The MLC’s job is to then distribute these royalties to music publishers, administrators, ex-US CMOs, and self-administered songwriters, composers and lyricists whose songs have been streamed.

In 2022, the MLC’s second year of operation, the organization directly distributed more than $532.3 million in royalties to its Members and processed usage covered by voluntary licenses maintained by DSPs valued at an additional $48 million, bringing the MLC’s total royalties distributed for the year to roughly $580.3 million.

The MLC revealed this distribution figure in a letter to its members this week, and obtained by MBW.

To date, according to the MLC, including February 2023,  royalties distributed by the MLC have reached the $1 billion milestone, including $945.9 million in blanket royalties and another $137.1 million in voluntary royalties.

“Reaching this milestone shows that the processes we built and launched a mere two years ago are working effectively, allowing us to fulfill our mission to pay rights holders their digital audio mechanical royalties.”

Kris Ahrend, MLC 

MBW reached out to the MLC for a comment on the milestone. MLC Chief Executive Kris Ahrend said that, “reaching this milestone shows that the processes we built and launched a mere two years ago are working effectively, allowing us to fulfill our mission to pay rights holders their digital audio mechanical royalties”.

He added: “It also shows how much we as an industry can accomplish when we work together. We’re grateful to our members, partners and other stakeholders for playing their part.”


Elsewhere in the letter obtained by MBW, the MLC says that its current average match rate for the nine distributions it completed in 2021 was more than 90%, and its current average match rate for the twelve distributions it completed in 2022 is more than 89%.

The MLC also addresses the industry’s so-called “black box”, the unpaid pool of royalties that rightsholders can’t access because of insufficient data.

The MLC says that for digital audio mechanicals in the US, the “black box” prior to the body’s inception turned out to be $426.9 million in unpaid royalties accrued by 21 DSPs between 2007 and 2020.

The MLC adds that it is “illuminating this so-called black box’ by reporting the data about unpaid royalties to its Members on a regular basis and by making the data for unpaid royalties available for Members to search and act on using tools within The MLC Portal.

Speaking with MBW back in December 2021, Kris Ahrend explained that “members can use the Portal to manage their catalogs, register works and access their royalty statements”.

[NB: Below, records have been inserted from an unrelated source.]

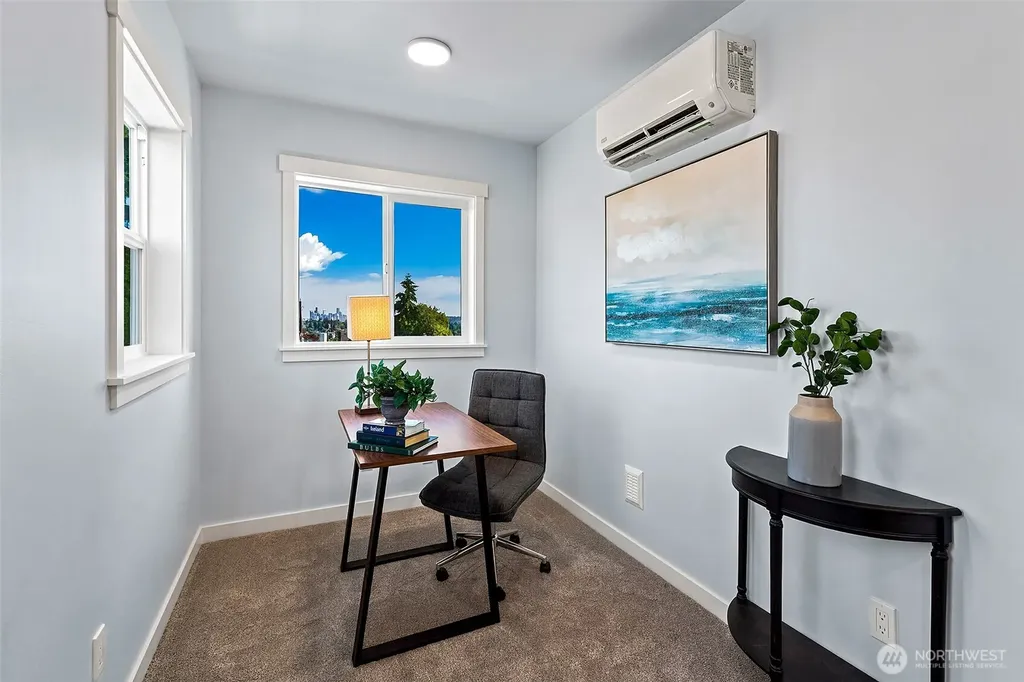 332 NE Elk Place Seattle WA 98115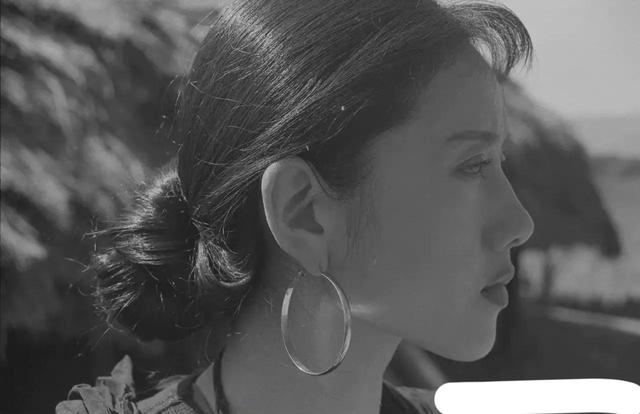 龚俊任嘉伦为失事飞机祈福,杨丽萍经纪人错过MU5735,捡回一条命休闲区蓝鸢梦想 - Www.slyday.coM 龚俊任嘉伦为失事飞机祈福,杨丽萍经纪人错过MU5735,捡回一条命休闲区蓝鸢梦想 - Www.slyday.coM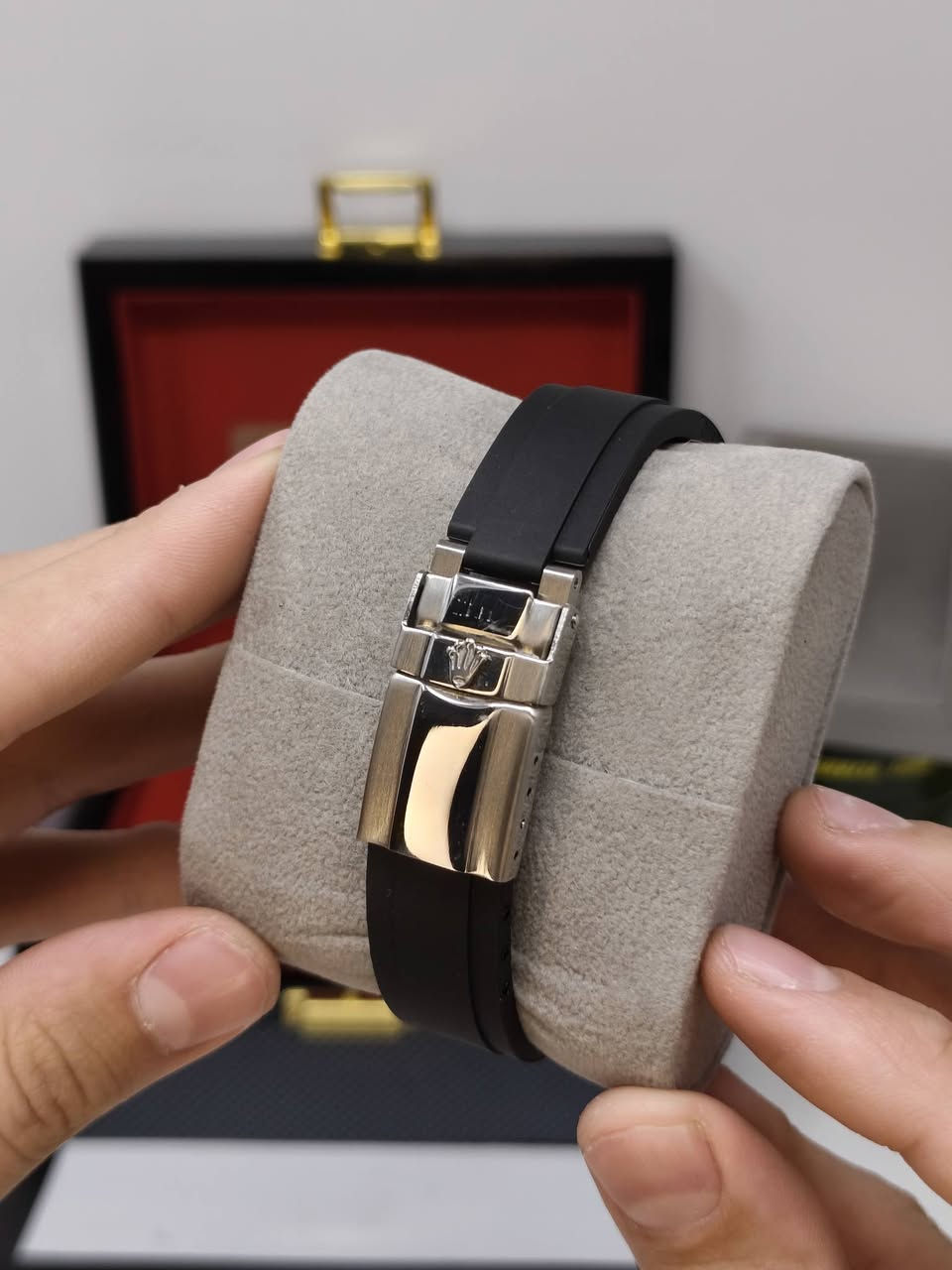 الدايتونا الربل روز گولد بلاك ايدشن 🔥
السعر 35 توصيل مجانييييييييييييييييييييييييي 🔥
تواصل ***********
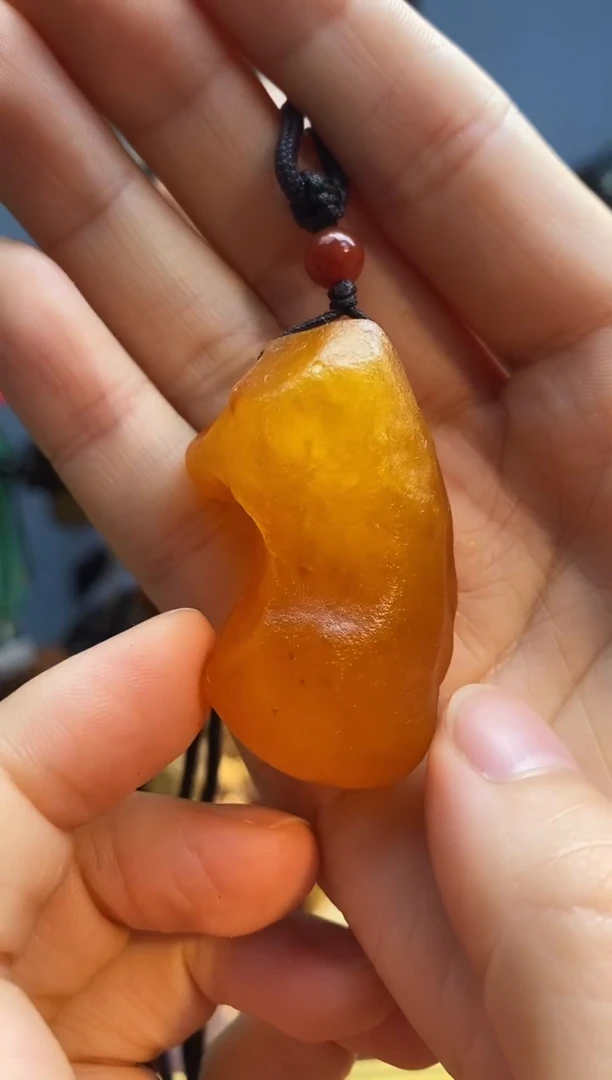 未镶嵌颈饰琥珀吊坠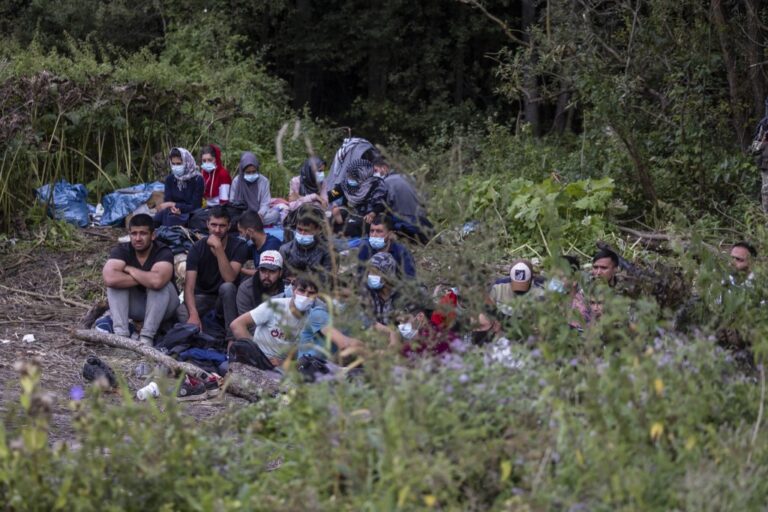 Syrians abandon Lebanon as new migrant route to Europe beckons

He added: “The Portal is also where members can access resources like our new Matching Tool, which enables them to search the unmatched sound recording uses we have accumulated and propose matches to songs they have registered with us.”


Commenting on the latest news, Ahrend noted that the MLC, “began paying out matched historical royalties last June, and to date we’ve paid out more than 20% of the oldest unmatched royalties, for uses that took place between 2007 and 2017”.

He continued: “We expect that percentage to increase significantly over the next few months as we begin our second pass at these older uses. We also already made all of the data for the remaining unmatched uses from this period available for our members to search using our Matching Tool.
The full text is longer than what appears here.